──────── Entries shown ────────
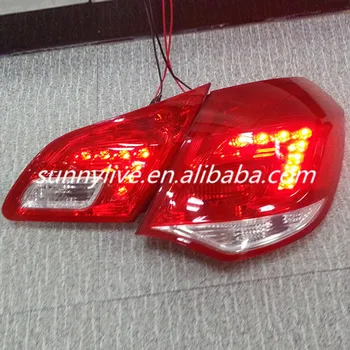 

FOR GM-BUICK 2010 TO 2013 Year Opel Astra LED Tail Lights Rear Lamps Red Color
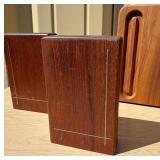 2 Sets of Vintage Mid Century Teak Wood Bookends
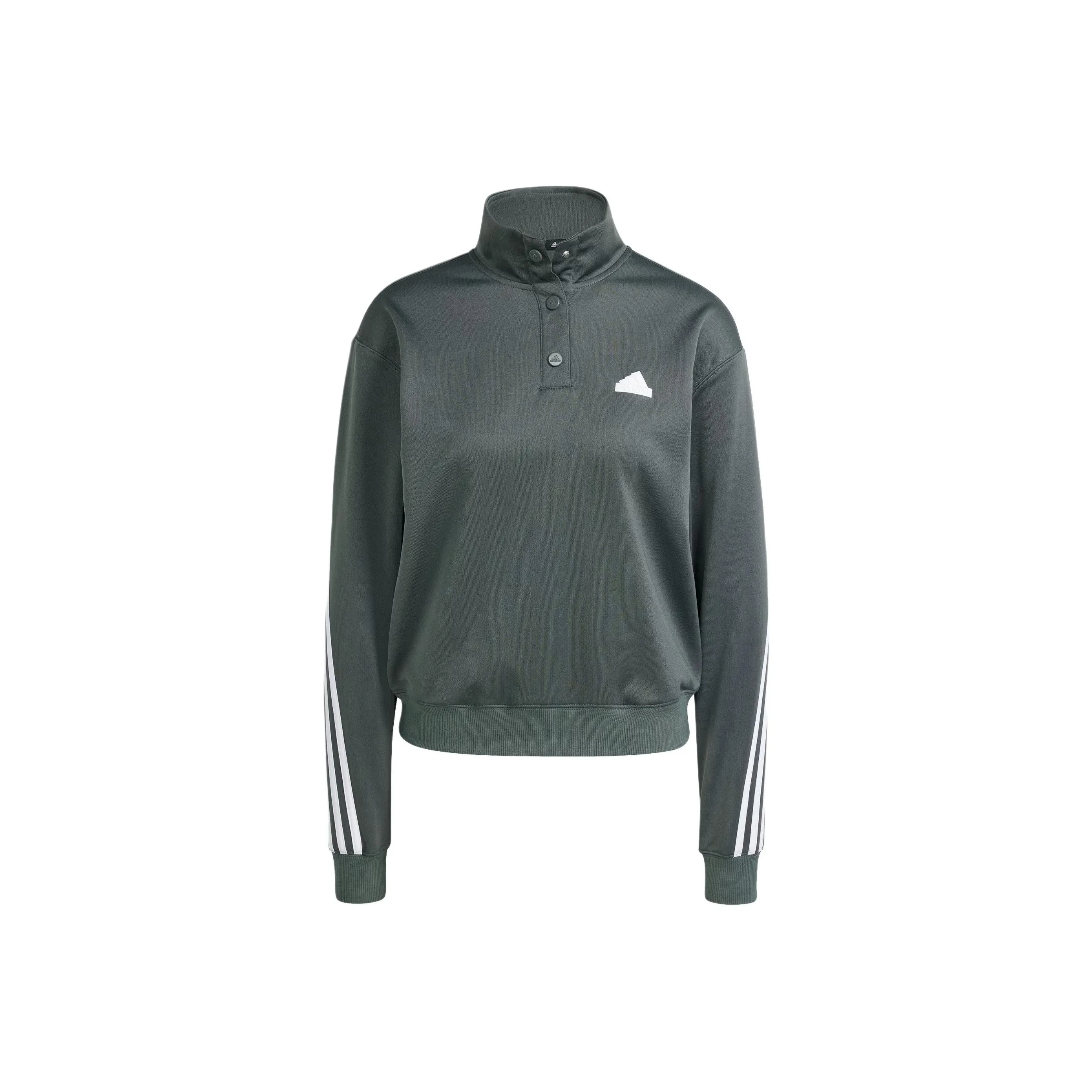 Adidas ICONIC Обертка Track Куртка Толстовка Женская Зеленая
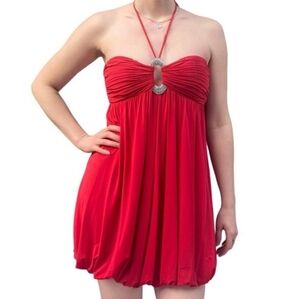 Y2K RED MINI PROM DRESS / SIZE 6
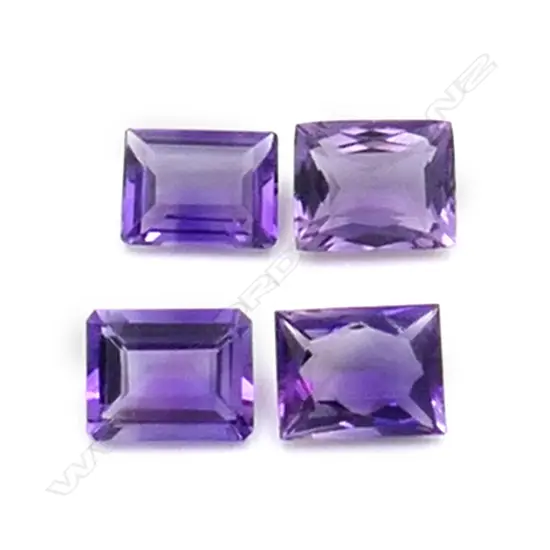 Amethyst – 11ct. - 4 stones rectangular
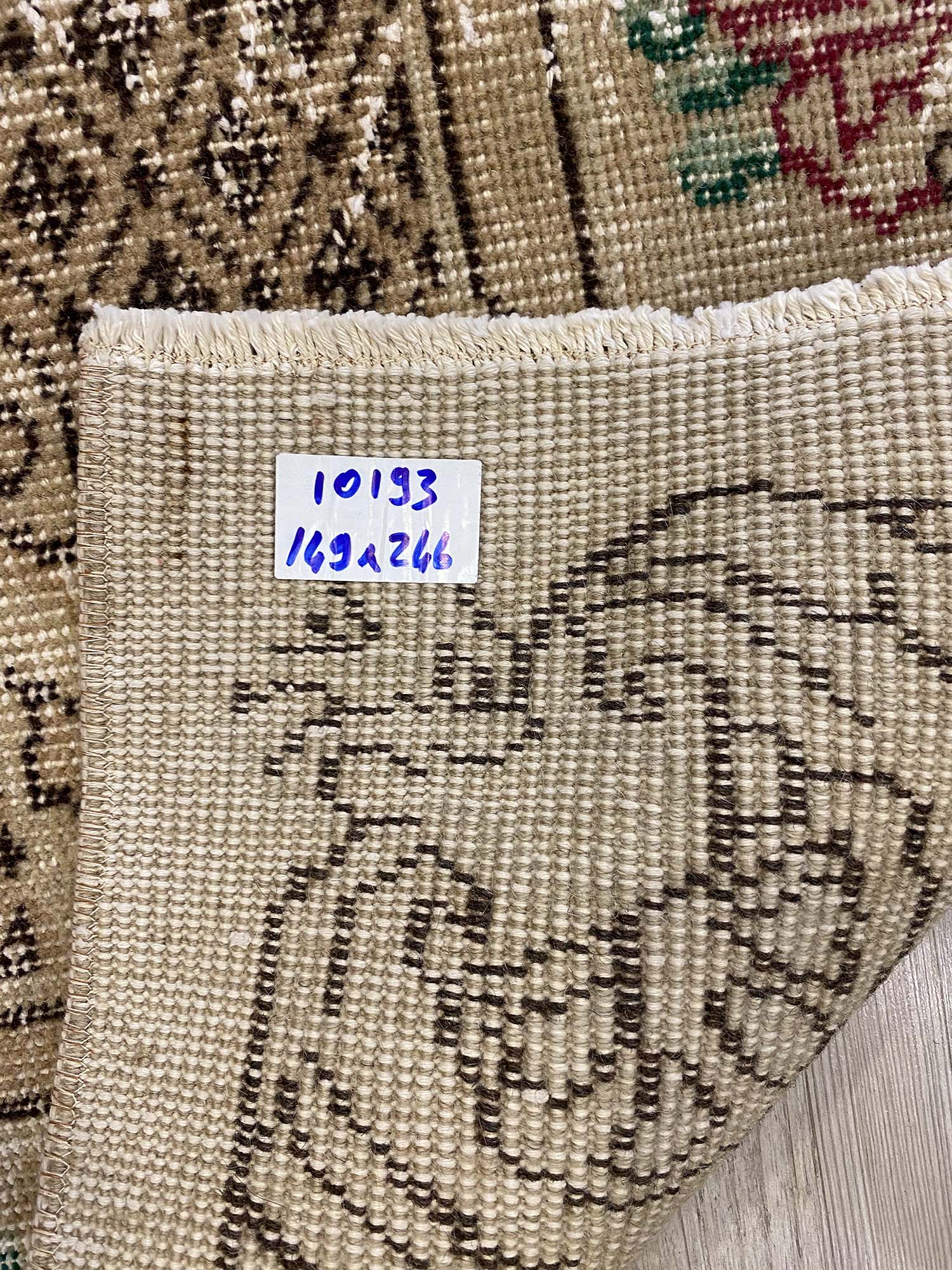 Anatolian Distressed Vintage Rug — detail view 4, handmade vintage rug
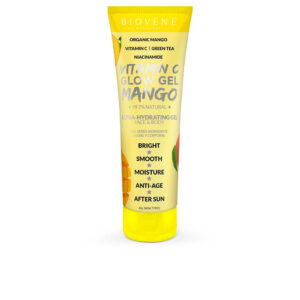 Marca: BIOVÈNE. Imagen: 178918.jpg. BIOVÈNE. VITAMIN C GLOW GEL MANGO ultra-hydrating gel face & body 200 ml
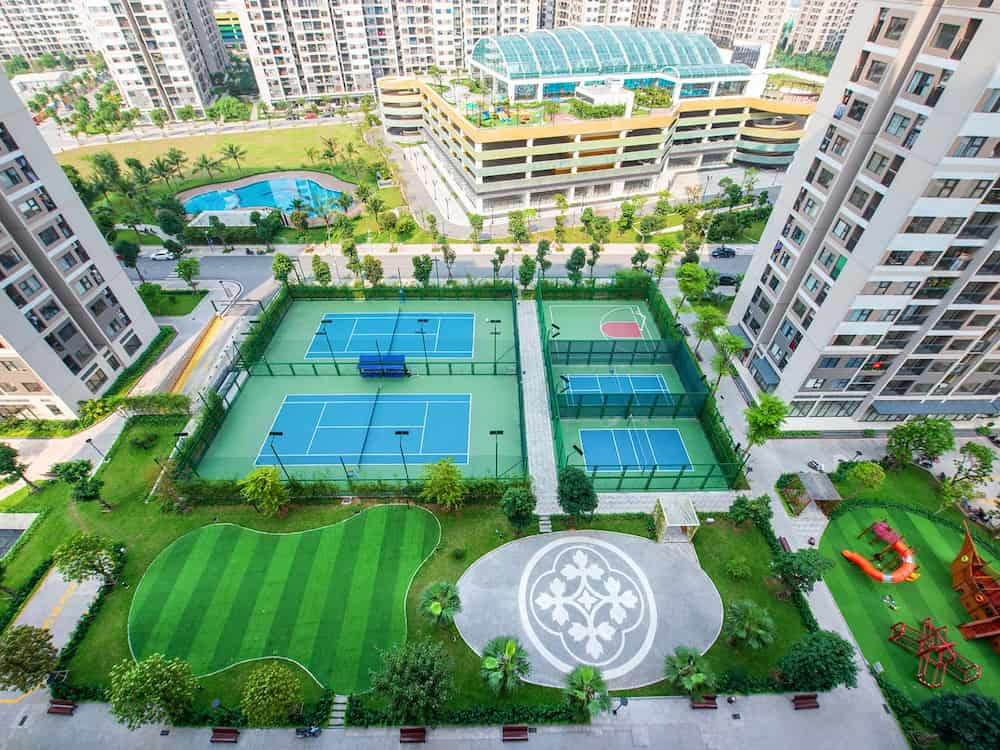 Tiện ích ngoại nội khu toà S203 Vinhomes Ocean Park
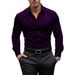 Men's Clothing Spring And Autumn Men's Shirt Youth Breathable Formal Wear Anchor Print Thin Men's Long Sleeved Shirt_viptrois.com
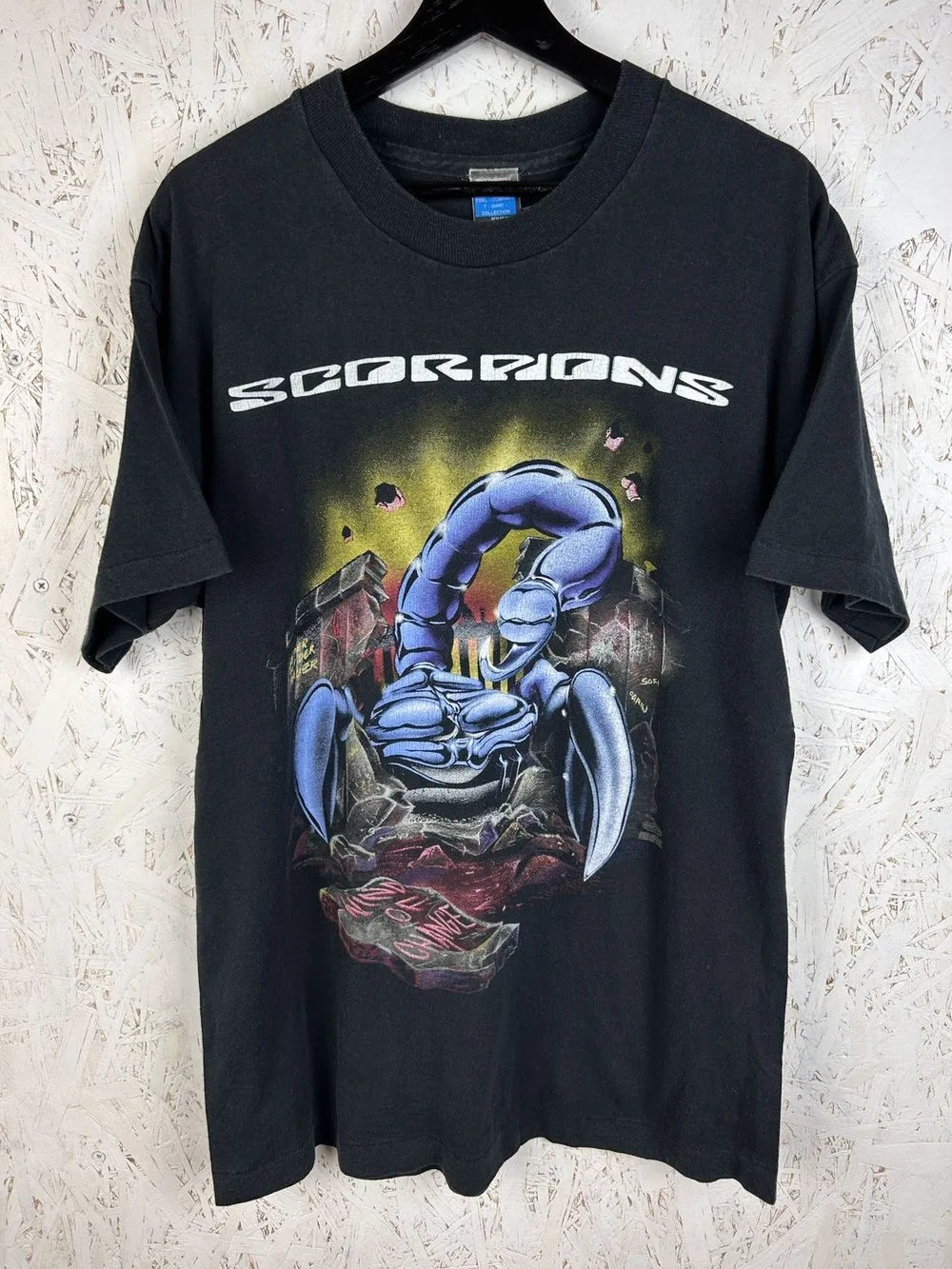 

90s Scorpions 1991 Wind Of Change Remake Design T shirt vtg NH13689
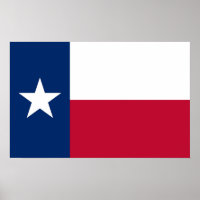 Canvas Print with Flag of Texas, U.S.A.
────────
§ Exercise requirements: Reproduce, exactly and with no pictures, the lines from the line containing "Tiện ích ngoại" through the closing line of the data above, keeping both ends.

§ Solution below:
 Tiện ích ngoại nội khu toà S203 Vinhomes Ocean Park
 Men's Clothing Spring And Autumn Men's Shirt Youth Breathable Formal Wear Anchor Print Thin Men's Long Sleeved Shirt_viptrois.com

90s Scorpions 1991 Wind Of Change Remake Design T shirt vtg NH13689
 Canvas Print with Flag of Texas, U.S.A.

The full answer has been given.